Bonesetters: Joint Manipulators and Musculoskeletal Fixers

Bonesetters of the 1700s and 1800s were like today’s chiropractors, osteopaths, and physical therapists rolled into one. They practiced joint manipulation and fixed musculoskeletal injuries using manual force. Traditionally, these practitioners did not have formal medical training but rather learned their skills on their own or from their family with bone-setting knowledge being passed down from one generation to the next.

Courtesy of Wikipedia.

Bonesetters of the 1700s and 1800s could be found in many countries. For instance they were readily found in America, the United Kingdom, and France where they were called by a variety of names. For instance, sometimes their names were local or regional variants although for the most part they were “most commonly known as a ‘rebouteur’ or ‘renouneur,’ from renouer, to join together. Other French terms included ‘adoubeur,’ ‘radoubeur,’ ‘remetteur,’ ‘rhabilleur,’ and even ‘ossier.’”[1]

Bonesetters of these times were also primarily male practitioners. Many had long family legacies and had been around for years, but they did not receive praise and recognition for their unique skills until the early 1700s. This praise changed to disdain as medicine began to advance. Bonesetters they became thought of as less than legitimate because they had no formal training. Moreover, the bonesetter’s reputation declined as “orthopedic knowledge became more and more a part of the armamentarium of the general physician.”[2]

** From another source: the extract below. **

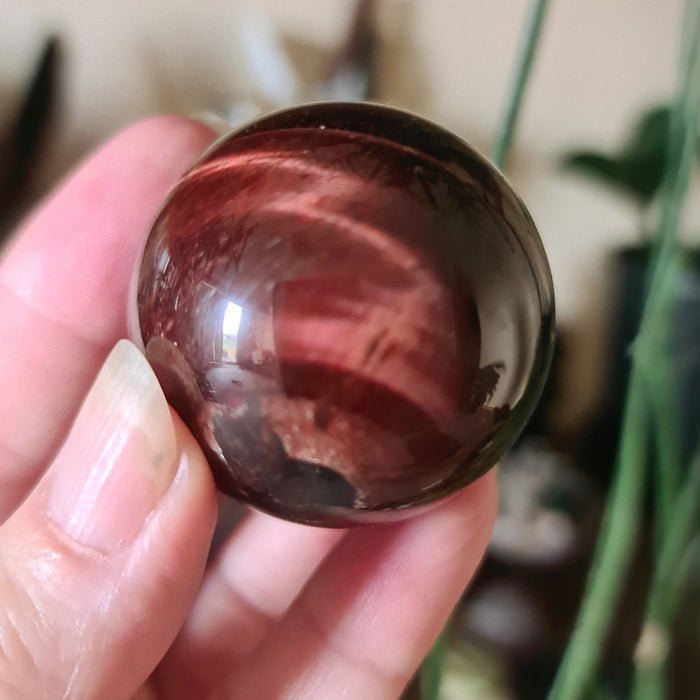 A hand holding a small, polished red tiger's eye stone with a smooth, glossy finish.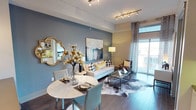 This thoughtfully designed Dallas residence offers a seamless blend of modern aesthetics and functional living across a single floor. The open-concept living and dining area serves as the heart of the home, featuring rich hardwood-style flooring, a striking slate-blue accent wall, and track lighting overhead. A glass sliding door floods the space with natural light and provides access to an outdoor balcony, while a compact dining table with teal chairs anchors the dining nook alongside a decorative gold-framed mirror. The kitchen is outfitted with crisp white shaker cabinetry, glass-front upper cabinets, a textured stone tile backsplash, sage green countertops, and stainless steel appliances, including a smooth-top range and over-the-range microwave. Both bedrooms are carpeted and bathed in natural light from large windows offering views of the surrounding Dallas cityscape and greenery. Each room features ceiling fans and is accented with tasteful decor, including gold sunburst wall art and bold navy drapery. The bathroom is well-appointed with a dual-function glass-enclosed shower and soaking tub, a wide vanity with dark countertops, recessed lighting, and direct access to a spacious walk-in closet. Throughout, the residence maintains a cohesive contemporary style with warm gold accents and neutral tones.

By the late 1800s physicians often referred to bonesetters as quacks, and this occurred despite their success. This was indicated in the following article published in the Sevenoaks Chronicle and Kentish Advertiser in 1890:

“A few days ago the Belgian Minister of Justice having injured his knee in the hunting-field, engaged the services of one of the quack bone-setters who seem numerous on the Continent; and about the same time M. Rouvier, the French Minister of Finance, fell from his horse when out riding, thereby dislocating his ankle, and he, too, employed a quack bone-setter. M. Rouvier is reported to be rapidly progressing towards recovery, and it is not alleged that the Belgian Minister has had reason to repent of having placed himself in quack hands, and in M. Rouvier’s case his own regular medical man appears to have condescended to consult with his uncertified rival. But it happens that the laws of their respective countries forbid the unqualified to meddle with the broken or dislocated bones of other people.”[3]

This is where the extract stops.